That being said, we have some beautiful state parks in Florida (great springs,
rivers, camping etc) which charge entrance fees. Some parks have a once-a-year
"free day", and it's great to see so many people out and enjoying the
outdoors. Not at all like the "beach version of public housing", as one
commentor rudely claimed above.

------
pdimitar
This reminds me of a similar problem we had in Bulgaria, a long time ago. Many
rich land owners and hotel tycoons teamed up and basically made it illegal to
go on the beach, plant your own umbrella, and spend the day there. Tickets,
time limits... Gosh. There was a lot of outrage but of course, nothing
changed.

Things changed slightly when those beaches got almost empty one particular
summer (sorry, can't remember the year). But then the politicians intervened
and helped the land/hotel owners make our beaches more foreign-friendly --
better, quicker, more reliable transportation, more restaurants, more bars on
the beach, better service. And the foreigners started flocking.
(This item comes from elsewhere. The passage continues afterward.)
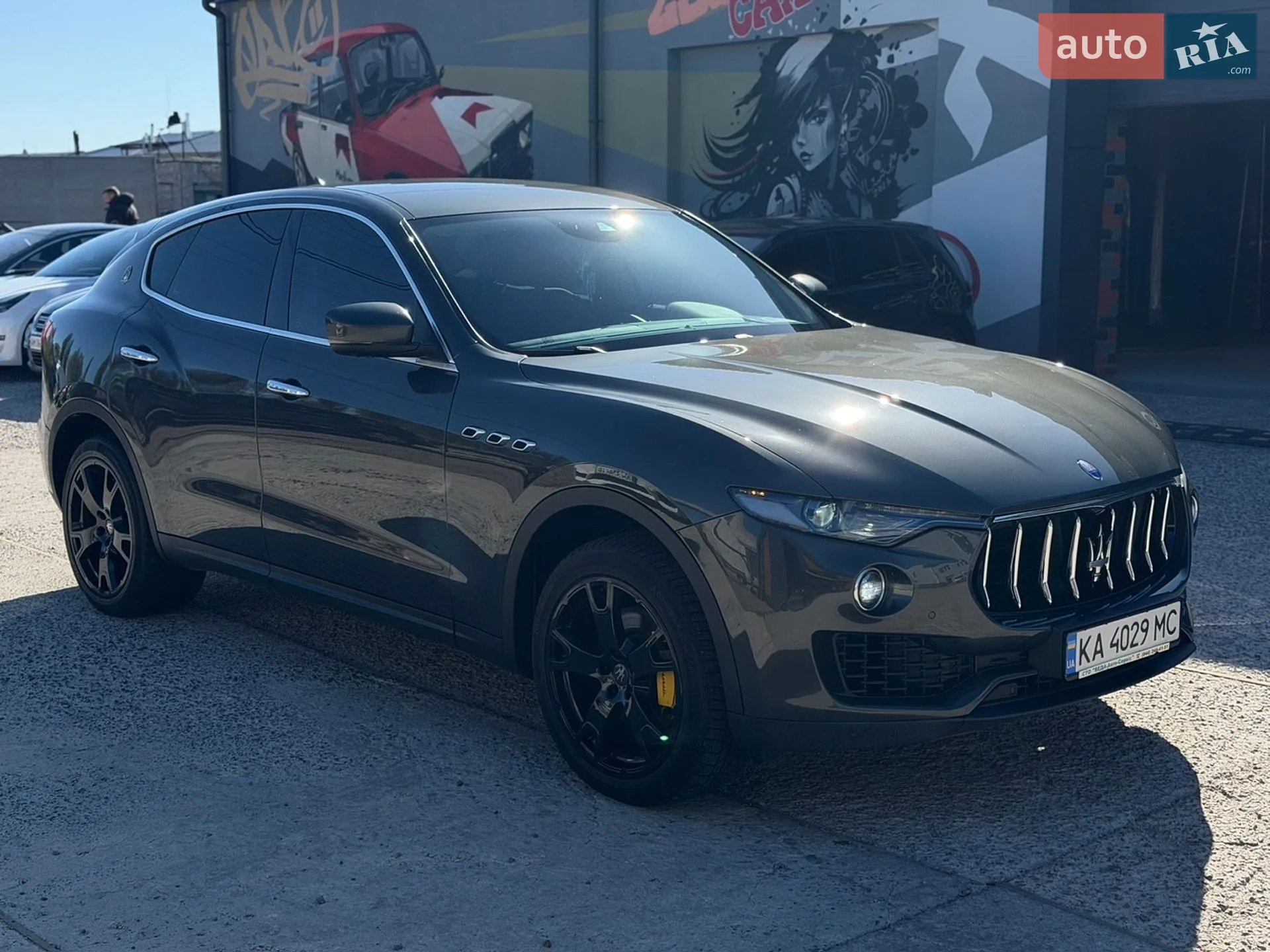 Maserati Levante, 2019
From then on, a good chunk of Bulgaria's beaches are a paradise for foreigners
while us the Bulgarians have to scour the beach line for a place to get some
sun. Admittedly there are still a good amount of places where this craziness
doesn't exist but a lot of beaches are practically out of limits for us now.

TL;DR -- this article sounds like somebody influential is concerned about the
economy on/around the beaches. I might be wrong.

------
CodeWriter23
It was the state that defunded the State Beaches, bringing about the day use
fees to pay for maintenance, lifeguards, etc.

And by the way there are beaches that are transit-accessible in Los Angeles
that are free to walk on.

------
gwright
What about the people who would prefer hiking or skiing or white-water rafting
or Disneyland or a day trip to Catalina Island or ...

This seems like a crazy level of economic micro-management to me.

------
hedora
This article could use some work. It names two beaches that have over 80%
white visitors, but neither of those beaches have over 80% white visitors
according to the figure in the article.

Also, they did not ask how many families actually did not go to the beach
because of costs, which is the actual metric that matters.

The price of an overnight stay might be exorbitant if you stay near the water,
but there is no reason to do that if you live in any of California's
population centers (and cheaper accommodations are available nearby).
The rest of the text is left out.